In May 2024, a group of nineteen states went to the U.S. Supreme Court and sought permission to file a lawsuit in the Court against the states of California, Connecticut, Minnesota, New Jersey, and Rhode Island. The essence of the lawsuit is that the defendant states are interfering with the sovereignty of the plaintiff states by bringing false advertising and other claims against fossil fuel companies arising out of the environmental harm they are causing.
As the plaintiffs explained, “numerous state and local governments have launched a frenzy of lawsuits invoking their own laws to demand billions of dollars in damages allegedly related to past, present, and future climate change owing, they say, to interstate gas emissions.”
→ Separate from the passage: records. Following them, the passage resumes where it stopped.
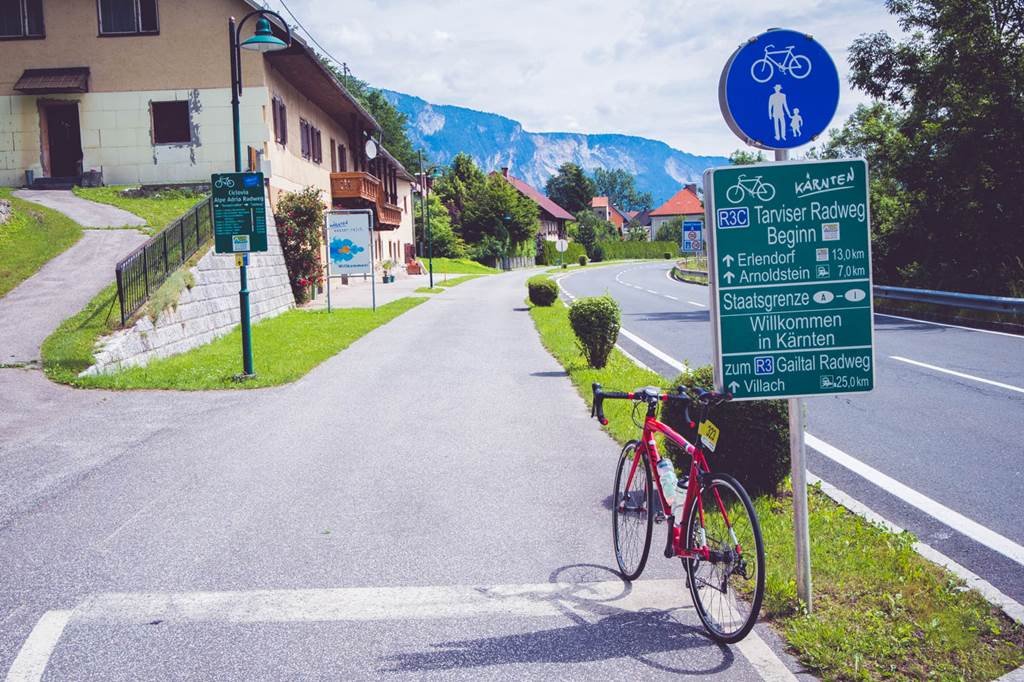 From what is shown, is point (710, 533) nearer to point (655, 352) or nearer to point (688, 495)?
point (688, 495)

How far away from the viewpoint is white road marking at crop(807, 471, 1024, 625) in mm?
4352

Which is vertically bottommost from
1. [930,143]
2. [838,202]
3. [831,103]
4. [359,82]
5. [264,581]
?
[264,581]

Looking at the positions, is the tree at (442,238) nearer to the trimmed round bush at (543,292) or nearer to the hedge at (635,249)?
the hedge at (635,249)

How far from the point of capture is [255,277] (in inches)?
907

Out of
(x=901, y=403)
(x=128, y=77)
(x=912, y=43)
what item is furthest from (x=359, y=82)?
(x=901, y=403)

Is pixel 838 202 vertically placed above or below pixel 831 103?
below

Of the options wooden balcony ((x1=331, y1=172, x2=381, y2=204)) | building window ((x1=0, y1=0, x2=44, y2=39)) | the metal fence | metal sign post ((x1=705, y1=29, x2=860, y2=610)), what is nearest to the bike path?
metal sign post ((x1=705, y1=29, x2=860, y2=610))

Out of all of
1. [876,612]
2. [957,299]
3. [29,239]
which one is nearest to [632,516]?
[876,612]

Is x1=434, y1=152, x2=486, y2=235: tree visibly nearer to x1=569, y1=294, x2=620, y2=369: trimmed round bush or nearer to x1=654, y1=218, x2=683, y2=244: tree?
x1=654, y1=218, x2=683, y2=244: tree

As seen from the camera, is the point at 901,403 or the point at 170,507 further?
the point at 901,403

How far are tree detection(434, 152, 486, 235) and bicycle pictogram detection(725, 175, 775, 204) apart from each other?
273 ft

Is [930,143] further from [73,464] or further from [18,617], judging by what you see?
[18,617]

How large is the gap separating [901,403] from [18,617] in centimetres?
909

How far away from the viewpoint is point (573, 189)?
150125 mm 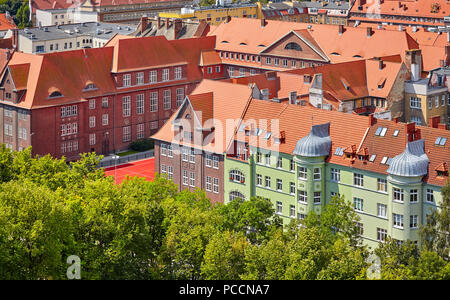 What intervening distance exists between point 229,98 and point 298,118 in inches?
451

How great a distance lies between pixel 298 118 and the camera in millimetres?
107875

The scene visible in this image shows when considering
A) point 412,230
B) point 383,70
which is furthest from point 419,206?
point 383,70

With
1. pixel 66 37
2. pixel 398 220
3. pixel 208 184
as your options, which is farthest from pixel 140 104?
pixel 398 220

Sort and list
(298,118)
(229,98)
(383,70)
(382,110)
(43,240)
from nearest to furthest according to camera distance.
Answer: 1. (43,240)
2. (298,118)
3. (229,98)
4. (382,110)
5. (383,70)

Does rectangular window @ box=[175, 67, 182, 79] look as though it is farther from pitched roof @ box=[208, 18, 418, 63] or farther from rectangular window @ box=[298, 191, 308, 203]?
rectangular window @ box=[298, 191, 308, 203]

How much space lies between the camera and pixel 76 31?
194875 millimetres

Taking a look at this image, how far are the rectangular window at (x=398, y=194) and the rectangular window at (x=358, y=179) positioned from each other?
4445 mm

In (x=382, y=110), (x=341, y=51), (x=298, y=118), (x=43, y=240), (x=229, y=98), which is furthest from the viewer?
(x=341, y=51)

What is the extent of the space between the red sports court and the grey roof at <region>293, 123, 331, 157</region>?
121ft

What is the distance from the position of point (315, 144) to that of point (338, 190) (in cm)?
516

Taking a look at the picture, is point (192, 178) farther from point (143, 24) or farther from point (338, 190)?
point (143, 24)

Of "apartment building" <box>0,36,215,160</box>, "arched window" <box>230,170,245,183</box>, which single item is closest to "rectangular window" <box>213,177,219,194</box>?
"arched window" <box>230,170,245,183</box>

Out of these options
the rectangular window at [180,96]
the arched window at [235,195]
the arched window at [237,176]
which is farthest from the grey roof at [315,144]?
the rectangular window at [180,96] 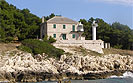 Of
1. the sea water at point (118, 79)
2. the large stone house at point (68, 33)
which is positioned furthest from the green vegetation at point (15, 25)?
the sea water at point (118, 79)

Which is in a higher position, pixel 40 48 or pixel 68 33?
pixel 68 33

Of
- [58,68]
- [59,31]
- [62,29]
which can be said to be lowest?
[58,68]

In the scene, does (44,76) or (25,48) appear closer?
(44,76)

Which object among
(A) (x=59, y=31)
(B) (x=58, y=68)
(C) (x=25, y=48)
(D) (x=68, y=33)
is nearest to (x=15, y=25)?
(A) (x=59, y=31)

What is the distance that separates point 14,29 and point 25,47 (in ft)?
17.6

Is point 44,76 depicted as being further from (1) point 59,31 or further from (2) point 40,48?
(1) point 59,31

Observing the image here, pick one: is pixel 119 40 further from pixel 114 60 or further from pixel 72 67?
pixel 72 67

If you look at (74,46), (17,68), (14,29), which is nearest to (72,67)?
(17,68)

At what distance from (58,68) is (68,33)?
1084cm

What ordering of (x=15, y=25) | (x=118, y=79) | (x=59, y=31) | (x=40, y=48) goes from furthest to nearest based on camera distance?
(x=15, y=25), (x=59, y=31), (x=40, y=48), (x=118, y=79)

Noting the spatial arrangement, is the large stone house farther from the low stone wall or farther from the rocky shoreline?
the rocky shoreline

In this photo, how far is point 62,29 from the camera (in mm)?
40344

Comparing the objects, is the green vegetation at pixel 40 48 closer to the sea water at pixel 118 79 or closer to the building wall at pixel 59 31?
the building wall at pixel 59 31

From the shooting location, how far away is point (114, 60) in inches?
1321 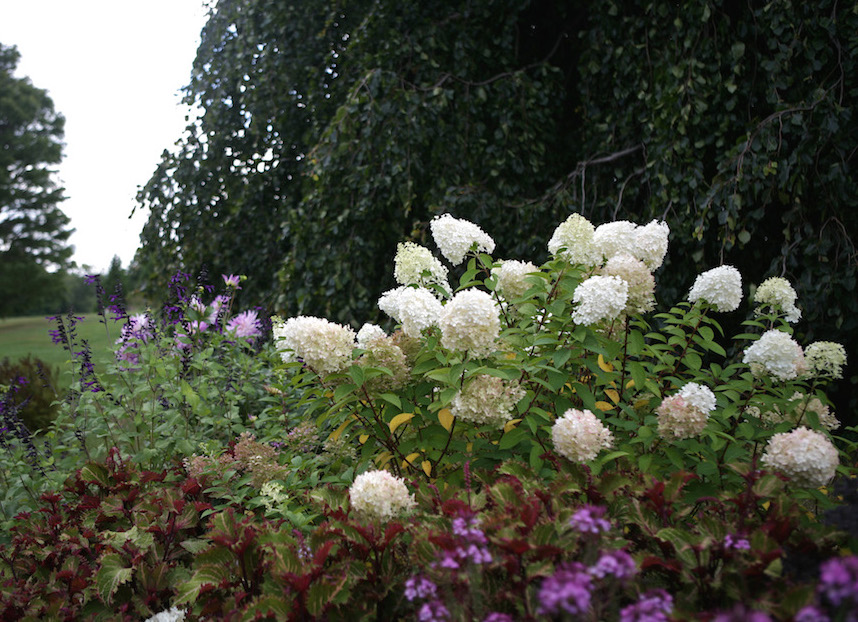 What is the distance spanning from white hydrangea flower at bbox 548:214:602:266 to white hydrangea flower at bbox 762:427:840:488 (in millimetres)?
776

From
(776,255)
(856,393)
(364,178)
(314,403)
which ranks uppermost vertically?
(364,178)

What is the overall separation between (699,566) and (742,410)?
1023mm

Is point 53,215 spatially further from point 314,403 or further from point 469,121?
point 314,403

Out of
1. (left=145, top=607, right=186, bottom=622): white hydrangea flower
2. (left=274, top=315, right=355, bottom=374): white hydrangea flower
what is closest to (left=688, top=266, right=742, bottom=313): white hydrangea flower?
(left=274, top=315, right=355, bottom=374): white hydrangea flower

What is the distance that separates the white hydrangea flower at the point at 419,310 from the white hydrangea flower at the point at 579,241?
1.56 ft

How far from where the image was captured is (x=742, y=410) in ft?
6.24

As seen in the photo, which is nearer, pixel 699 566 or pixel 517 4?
pixel 699 566

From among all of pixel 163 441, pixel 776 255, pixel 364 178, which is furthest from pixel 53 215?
pixel 776 255

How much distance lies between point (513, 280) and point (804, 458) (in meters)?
0.95

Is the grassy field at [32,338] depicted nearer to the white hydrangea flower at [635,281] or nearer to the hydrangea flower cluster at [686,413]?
the white hydrangea flower at [635,281]

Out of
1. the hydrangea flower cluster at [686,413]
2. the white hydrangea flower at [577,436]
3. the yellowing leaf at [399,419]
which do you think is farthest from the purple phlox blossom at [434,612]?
the hydrangea flower cluster at [686,413]

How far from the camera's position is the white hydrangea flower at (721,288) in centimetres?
181

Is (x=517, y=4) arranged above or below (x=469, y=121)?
above

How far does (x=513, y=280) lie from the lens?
1938 mm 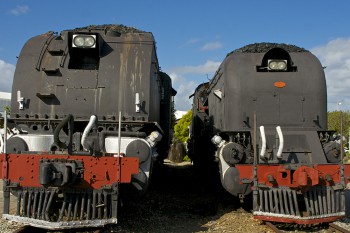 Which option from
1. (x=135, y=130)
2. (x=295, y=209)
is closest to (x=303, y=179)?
(x=295, y=209)

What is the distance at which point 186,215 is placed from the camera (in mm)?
8195

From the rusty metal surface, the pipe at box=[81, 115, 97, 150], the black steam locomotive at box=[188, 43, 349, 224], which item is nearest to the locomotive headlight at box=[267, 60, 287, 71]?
the black steam locomotive at box=[188, 43, 349, 224]

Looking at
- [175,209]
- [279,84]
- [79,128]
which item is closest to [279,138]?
[279,84]

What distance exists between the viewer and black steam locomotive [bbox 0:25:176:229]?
587 cm

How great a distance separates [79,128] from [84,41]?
63.1 inches

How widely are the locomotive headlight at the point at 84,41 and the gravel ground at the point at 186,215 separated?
2.96 metres

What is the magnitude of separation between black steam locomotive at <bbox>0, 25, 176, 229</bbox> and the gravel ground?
0.91m

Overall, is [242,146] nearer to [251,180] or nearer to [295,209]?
[251,180]

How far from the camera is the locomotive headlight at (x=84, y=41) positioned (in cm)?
723

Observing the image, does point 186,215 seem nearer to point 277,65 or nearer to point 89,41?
point 277,65

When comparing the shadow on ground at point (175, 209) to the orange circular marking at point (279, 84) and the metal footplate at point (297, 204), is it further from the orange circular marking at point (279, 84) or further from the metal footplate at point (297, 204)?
the orange circular marking at point (279, 84)

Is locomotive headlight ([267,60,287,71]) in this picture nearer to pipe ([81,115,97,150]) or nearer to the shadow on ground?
the shadow on ground

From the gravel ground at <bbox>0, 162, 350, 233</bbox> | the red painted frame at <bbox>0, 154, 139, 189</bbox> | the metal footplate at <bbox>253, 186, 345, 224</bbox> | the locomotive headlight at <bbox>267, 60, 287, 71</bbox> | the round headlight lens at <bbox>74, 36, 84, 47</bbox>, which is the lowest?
the gravel ground at <bbox>0, 162, 350, 233</bbox>

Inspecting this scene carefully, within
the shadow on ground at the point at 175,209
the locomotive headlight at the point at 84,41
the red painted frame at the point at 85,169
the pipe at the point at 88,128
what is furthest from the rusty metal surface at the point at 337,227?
the locomotive headlight at the point at 84,41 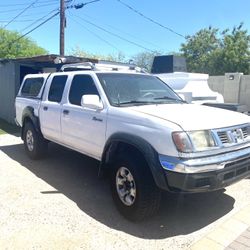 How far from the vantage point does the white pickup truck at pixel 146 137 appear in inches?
150

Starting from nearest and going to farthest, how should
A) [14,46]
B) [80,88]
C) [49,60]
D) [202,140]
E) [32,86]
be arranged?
1. [202,140]
2. [80,88]
3. [32,86]
4. [49,60]
5. [14,46]

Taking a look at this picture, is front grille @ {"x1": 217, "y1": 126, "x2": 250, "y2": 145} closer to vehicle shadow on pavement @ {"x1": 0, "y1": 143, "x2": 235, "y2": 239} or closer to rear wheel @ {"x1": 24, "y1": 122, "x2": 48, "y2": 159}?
vehicle shadow on pavement @ {"x1": 0, "y1": 143, "x2": 235, "y2": 239}

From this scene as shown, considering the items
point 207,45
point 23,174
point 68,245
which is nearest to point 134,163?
point 68,245

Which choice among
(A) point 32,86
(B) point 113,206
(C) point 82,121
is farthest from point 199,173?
(A) point 32,86

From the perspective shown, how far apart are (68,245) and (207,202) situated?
220 cm

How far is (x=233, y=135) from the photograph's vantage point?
418 cm

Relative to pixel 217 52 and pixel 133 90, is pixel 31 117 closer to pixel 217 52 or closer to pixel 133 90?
pixel 133 90

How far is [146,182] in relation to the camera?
4.06 m

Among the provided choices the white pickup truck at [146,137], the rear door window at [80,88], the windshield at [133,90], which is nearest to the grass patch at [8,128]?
the white pickup truck at [146,137]

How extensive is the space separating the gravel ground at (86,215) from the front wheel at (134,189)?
0.17m

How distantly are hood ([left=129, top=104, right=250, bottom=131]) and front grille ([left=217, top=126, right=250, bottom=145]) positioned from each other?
7 cm

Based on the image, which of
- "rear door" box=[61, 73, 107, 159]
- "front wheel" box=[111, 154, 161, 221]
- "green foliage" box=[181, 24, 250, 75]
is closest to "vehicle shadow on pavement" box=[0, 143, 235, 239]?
"front wheel" box=[111, 154, 161, 221]

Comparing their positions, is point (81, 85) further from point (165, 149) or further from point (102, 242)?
point (102, 242)

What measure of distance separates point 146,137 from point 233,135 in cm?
107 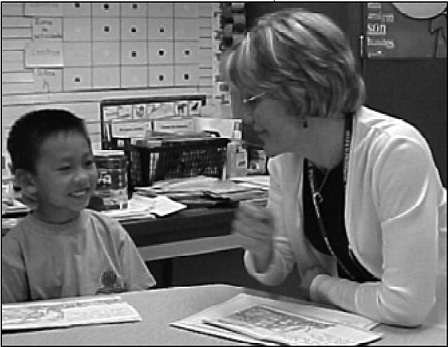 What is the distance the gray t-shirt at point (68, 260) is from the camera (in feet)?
5.08

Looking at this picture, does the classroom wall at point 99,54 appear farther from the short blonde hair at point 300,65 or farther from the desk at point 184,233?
the short blonde hair at point 300,65

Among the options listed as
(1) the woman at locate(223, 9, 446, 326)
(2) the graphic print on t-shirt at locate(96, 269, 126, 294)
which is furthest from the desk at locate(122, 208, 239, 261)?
(1) the woman at locate(223, 9, 446, 326)

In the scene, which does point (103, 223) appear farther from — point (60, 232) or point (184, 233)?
point (184, 233)

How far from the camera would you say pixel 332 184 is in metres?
1.32

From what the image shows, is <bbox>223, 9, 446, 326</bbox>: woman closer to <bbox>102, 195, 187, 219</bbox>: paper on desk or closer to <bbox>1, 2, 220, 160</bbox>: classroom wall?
<bbox>102, 195, 187, 219</bbox>: paper on desk

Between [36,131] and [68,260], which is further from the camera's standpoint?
[36,131]

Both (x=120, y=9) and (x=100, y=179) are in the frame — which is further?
(x=120, y=9)

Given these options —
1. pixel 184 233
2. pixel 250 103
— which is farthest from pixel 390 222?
pixel 184 233

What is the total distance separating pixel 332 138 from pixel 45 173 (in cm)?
67

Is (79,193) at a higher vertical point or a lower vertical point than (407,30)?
lower

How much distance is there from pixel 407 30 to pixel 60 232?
30.4 inches

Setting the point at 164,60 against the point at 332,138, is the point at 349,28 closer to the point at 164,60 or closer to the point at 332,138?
the point at 164,60

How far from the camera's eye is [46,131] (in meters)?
1.71

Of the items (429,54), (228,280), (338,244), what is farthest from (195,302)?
(228,280) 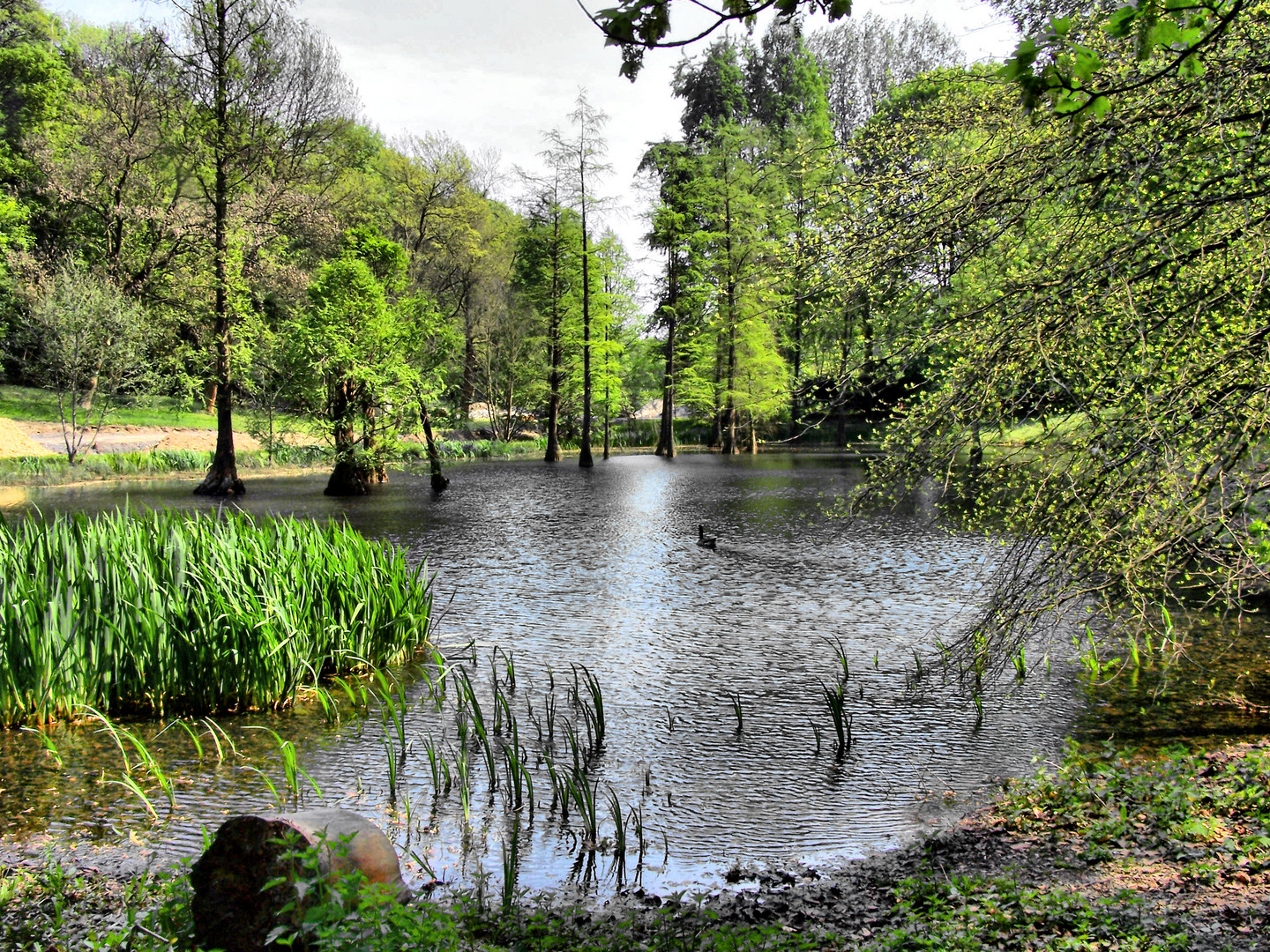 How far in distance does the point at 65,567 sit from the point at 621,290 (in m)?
46.1

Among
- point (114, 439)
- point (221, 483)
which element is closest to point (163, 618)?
point (221, 483)

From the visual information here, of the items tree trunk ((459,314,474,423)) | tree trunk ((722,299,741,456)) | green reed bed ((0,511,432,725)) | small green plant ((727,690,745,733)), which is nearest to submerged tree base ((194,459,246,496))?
green reed bed ((0,511,432,725))

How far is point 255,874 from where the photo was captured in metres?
3.15

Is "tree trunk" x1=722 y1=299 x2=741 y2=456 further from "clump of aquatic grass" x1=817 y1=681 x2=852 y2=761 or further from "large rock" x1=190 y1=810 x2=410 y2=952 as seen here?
"large rock" x1=190 y1=810 x2=410 y2=952

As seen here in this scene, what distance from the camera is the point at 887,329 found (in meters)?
4.94

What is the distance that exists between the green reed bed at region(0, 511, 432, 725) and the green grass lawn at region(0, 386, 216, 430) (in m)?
27.6

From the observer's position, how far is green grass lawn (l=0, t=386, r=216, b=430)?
1201 inches

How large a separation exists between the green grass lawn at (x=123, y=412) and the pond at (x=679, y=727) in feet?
76.0

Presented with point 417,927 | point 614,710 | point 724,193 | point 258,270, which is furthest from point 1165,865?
point 724,193

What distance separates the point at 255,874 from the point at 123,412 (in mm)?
35820

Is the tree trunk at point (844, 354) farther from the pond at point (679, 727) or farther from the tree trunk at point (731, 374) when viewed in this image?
the tree trunk at point (731, 374)

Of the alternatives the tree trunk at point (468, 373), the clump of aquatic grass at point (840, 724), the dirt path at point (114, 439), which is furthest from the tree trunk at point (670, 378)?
the clump of aquatic grass at point (840, 724)

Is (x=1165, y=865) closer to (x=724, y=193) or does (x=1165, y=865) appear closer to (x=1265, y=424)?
(x=1265, y=424)

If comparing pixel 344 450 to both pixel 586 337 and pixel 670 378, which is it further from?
pixel 670 378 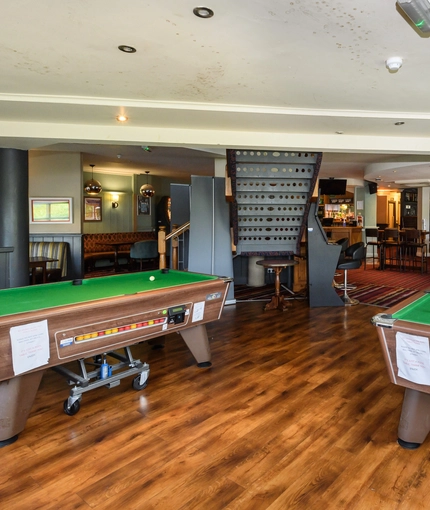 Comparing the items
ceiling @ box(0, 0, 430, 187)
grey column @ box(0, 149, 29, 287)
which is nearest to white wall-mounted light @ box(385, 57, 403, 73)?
ceiling @ box(0, 0, 430, 187)

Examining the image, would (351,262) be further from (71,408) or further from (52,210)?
(52,210)

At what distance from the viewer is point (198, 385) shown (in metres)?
3.16

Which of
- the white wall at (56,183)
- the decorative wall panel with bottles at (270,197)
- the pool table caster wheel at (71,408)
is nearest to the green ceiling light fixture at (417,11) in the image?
the pool table caster wheel at (71,408)

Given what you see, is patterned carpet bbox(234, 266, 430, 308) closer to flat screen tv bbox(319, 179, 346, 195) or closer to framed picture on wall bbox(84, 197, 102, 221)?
flat screen tv bbox(319, 179, 346, 195)

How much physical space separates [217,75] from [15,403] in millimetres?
2797

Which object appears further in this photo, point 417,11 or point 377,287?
point 377,287

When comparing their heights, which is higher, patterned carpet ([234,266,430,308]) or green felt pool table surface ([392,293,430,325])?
green felt pool table surface ([392,293,430,325])

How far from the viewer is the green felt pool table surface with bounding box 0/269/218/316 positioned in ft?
8.42

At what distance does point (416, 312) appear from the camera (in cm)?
244

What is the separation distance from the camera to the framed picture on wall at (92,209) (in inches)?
425

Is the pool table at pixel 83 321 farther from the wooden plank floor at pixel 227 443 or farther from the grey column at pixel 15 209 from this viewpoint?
the grey column at pixel 15 209

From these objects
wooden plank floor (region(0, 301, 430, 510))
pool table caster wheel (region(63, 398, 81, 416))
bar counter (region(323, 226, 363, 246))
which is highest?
bar counter (region(323, 226, 363, 246))

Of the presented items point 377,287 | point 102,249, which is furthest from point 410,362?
point 102,249

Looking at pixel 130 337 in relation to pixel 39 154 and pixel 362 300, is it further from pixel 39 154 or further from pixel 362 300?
pixel 39 154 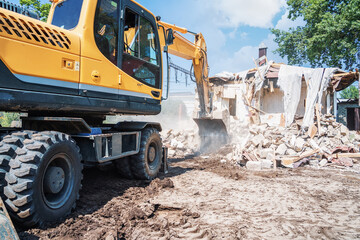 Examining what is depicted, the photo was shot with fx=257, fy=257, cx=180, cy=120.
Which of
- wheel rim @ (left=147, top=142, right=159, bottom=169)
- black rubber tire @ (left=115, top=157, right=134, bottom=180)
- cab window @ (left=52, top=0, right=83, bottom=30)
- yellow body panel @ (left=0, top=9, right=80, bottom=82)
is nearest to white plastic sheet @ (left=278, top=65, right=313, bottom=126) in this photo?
wheel rim @ (left=147, top=142, right=159, bottom=169)

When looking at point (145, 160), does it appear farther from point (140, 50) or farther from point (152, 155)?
point (140, 50)

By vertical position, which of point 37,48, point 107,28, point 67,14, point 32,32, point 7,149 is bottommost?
point 7,149

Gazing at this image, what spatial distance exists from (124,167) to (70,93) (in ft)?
7.99

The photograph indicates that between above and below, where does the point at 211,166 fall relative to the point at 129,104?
below

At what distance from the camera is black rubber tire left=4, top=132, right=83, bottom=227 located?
115 inches

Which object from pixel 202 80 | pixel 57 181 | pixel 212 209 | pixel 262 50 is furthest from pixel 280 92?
pixel 57 181

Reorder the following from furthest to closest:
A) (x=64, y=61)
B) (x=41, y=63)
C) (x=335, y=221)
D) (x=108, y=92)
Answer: (x=108, y=92) → (x=335, y=221) → (x=64, y=61) → (x=41, y=63)

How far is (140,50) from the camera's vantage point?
5.29m

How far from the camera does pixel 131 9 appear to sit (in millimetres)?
5047

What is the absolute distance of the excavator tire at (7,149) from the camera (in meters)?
2.94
A few days ago, the Supreme Court denied the plaintiffs motion for leave to file their complaint, allowing the states' lawsuits against the fossil fuel companies to continue. Although the Court didn't write an opinion here, Justices Clarence Thomas and Samuel Alito dissented, writing in a brief opinion that they didn't believe that the Court had discretion to decline to hear a lawsuit between states. They wrote, “The Court today exercises that power to reject a suit involving nearly half the States in the Nation, which alleges serious constitutional violations.”
For now, then, at least as far as the Supreme Court is concerned, the states can continue to pursue false advertising and other claims against the fossil fuel companies. (For more information about these lawsuits, check out, for example, our blog post about California's lawsuit.)
Alabama v. California, 2025 WL 746326 (2025).